What the task requires: How many lines in the entries below contain "Sleeve"? Answer with the number only.

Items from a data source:
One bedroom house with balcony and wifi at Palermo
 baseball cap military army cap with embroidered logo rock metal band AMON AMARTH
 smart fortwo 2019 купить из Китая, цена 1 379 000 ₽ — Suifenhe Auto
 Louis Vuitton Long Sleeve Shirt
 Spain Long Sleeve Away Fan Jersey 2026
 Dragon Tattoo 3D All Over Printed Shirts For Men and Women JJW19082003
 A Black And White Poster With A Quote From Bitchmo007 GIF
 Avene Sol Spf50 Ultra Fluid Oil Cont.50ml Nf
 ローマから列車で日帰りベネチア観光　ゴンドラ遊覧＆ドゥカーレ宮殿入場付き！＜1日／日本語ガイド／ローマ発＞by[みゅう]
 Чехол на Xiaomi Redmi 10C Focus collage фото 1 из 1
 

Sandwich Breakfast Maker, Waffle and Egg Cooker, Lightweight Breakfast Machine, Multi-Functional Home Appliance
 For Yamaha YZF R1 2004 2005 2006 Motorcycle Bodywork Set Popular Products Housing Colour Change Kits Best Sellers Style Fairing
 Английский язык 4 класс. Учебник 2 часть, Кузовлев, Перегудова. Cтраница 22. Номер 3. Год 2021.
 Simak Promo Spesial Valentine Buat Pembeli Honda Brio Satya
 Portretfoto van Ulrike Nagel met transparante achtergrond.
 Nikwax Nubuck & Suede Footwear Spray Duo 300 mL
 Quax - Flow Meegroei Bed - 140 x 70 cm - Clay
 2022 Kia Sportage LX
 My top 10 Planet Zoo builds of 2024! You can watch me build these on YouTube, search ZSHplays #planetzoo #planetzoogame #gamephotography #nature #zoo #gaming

Exercise result: 2